Quel sentiment éprouvez-vous lorsque des artistes chantent les chansons de votre père ?
C’est un sentiment tout à fait particulier. Je vais prendre le cas de Jules Grison qui me touche énormément et plus encore quand il est Jules lui même, c’est à dire lorsqu’il se laisse aller à ses propres sentiments, quand il se lâche vraiment car là il est pleinement « soi » dans l’expression et c’est un moment émotionnel inouï. Je rajouterai par ailleurs, que les chansons de mon papa me touchent d’une autre manière lorsqu’elles ont un lien qui me renvoie à des relations personnelles.
Parmi celles que chante Jules, il y a cette chanson assez rare « L’indien » . Du côté de ma mère qui était américaine, j’ai en effet de la famille aux États-Unis dont les membres descendent des indiens et en écoutant cette chanson, on ne peut s’empêcher de penser au sort de cette population et on se dit en outre, qu’elle est aujourd’hui cinquante fois plus vraie et plus forte car elle nous renvoie aussi aux vicissitudes de notre époque. C’est en quelque sorte une chanson de la vie réelle (et elle avait été écrite pour un chef indien).
Vous avez accompagné votre père dans les dernières années de sa carrière. Là encore, qu’est ce qui vous a marqué?
Dans les dix dernières années, j’ai été sa régisseuse et j’assumais tous les “top lumières” de ses spectacles. Lorsque nous étions ensemble en représentation, j’écoutais ce qu’il me disait et les instructions qu’il me donnait mais il m’écoutait lui aussi dans mes remarques. Nous avions un véritable dialogue technique de deux professionnels. Mais quand on retournait à la maison, j’écoutais essentiellement ce qu’il disait car il redevenait pour moi, non plus un partenaire de spectacle mais mon père. Parmi les multitudes de choses dont je me souviens, demeure tout ce qu’il nous a enseigné et qui était, à mon sens, important au rang desquelles la politesse et la correction dans les comportements humains.
Pour revenir à ces dernières années de spectacles que nous avons partagées, on parvenait à faire 250 à 300 représentations par an et les ultimes années qui ont précédé sa disparition, ce chiffre s’était amoindri, parce qu’il se sentait fatigué, mais nous faisions encore entre 200 et 250 représentations annuelles.
Tous les soirs je chantais avec lui une ou deux chansons, notamment « La fille au tableau ». Donc quand arrivait ce moment, je troquais en quelques minutes mes vêtements de technicienne pour une tenue de scène et la chanson terminée, je revenais assurer la technique en coulisses. Lorsque je chantais c’était avec Gilbert Bécaud, l’interprète mais en même temps je n’oubliais point que c’était mon père. Lui était très vigilant parce qu’il avait peur que j’oublie les paroles de ma chanson c’est pourquoi ces paroles étaient scotchées un peu partout sur le plateau notamment derrière le piano.

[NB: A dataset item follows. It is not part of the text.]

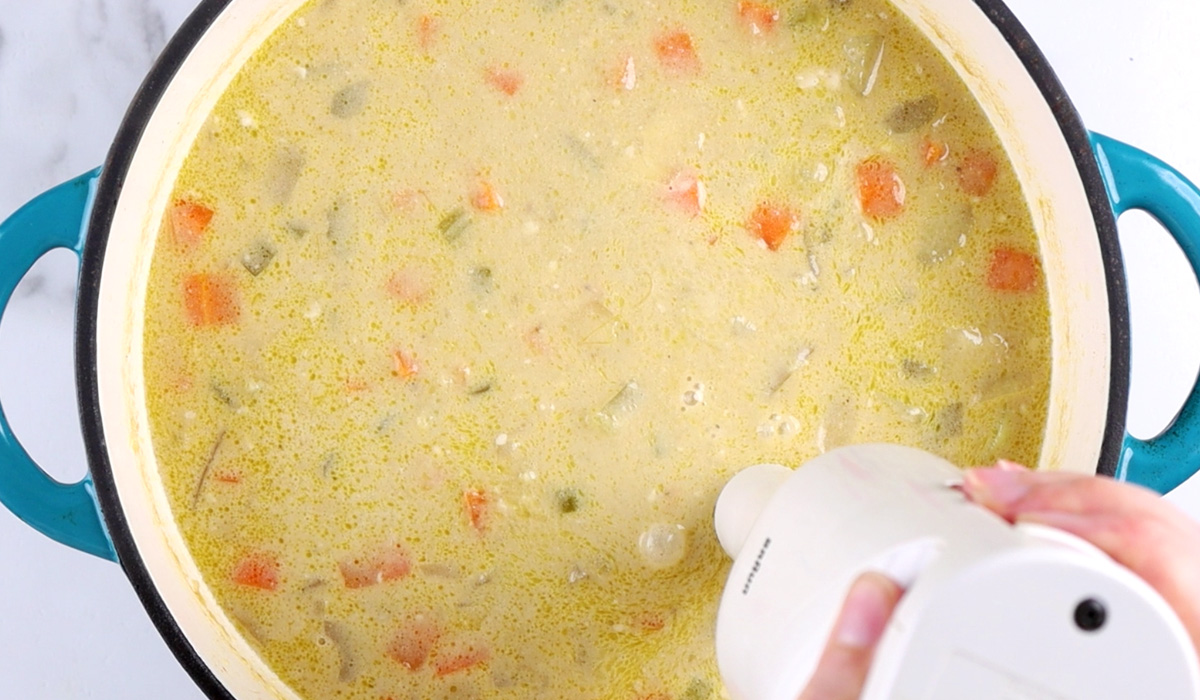 Immersion blender beginning to blend a large pot of potato soup.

C’est l’une des choses qui n’a pas changé, même quand je chante avec Jules Grison, je mets sur des papiers les paroles des chansons partout y compris sur le sol de la scène (rires).
C’est quelque chose qui est complètement en moi. Pour ne pas oublier, il faudrait que je n’écoute pas les autres et que je me concentre exclusivement sur moi. Sinon ma sensibilité prend le pas sur l’interprète que je suis et je me sens transportée dans un autre monde qui me fait oublier mes textes. Pourtant je me force à dire : « surtout ne l’écoute pas ! »

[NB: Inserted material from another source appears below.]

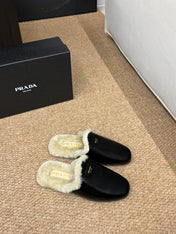PRADA 26S SHEARLING MULE SLIPPERS IN BLACK CALFSKIN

Prenons une chanson que je chante en duo avec Jules et que pourtant je connais par cœur : « L’indifférence ». C’est l’une de mes chansons préférées, mais lorsque je suis sur scène, la voix, les yeux, les gestes de Jules m’embarquent totalement et c’est ce qui me fait oublier les paroles. Comme Jules le sait, parfois il tourne la tête, pour que je ne me retrouve pas dans ce genre de situation embarrassante (rires).
Qu’est ce qui vous a conduit à entrer, vous aussi, dans la carrière de chanteuse ?
Parce que j’avais très envie de chanter et de m’exprimer. En revanche il faut vous dire que quand je suis ainsi toute seule, je maîtrise complètement les textes parce que je ne suis pas impressionnée par l’environnement d’un partenaire. Je pense, comme je l’ai dit tout à l’heure, que ceci résulte d’une impulsion qui me fait entrer immédiatement dans le jeu des rapports avec les autres car par nature, j’adore rire et jouer. En revanche quand je suis en spectacle seule, je sais que c’est “mon truc à moi”, que je suis Emily avec mon propre tempérament et sans influences des autres.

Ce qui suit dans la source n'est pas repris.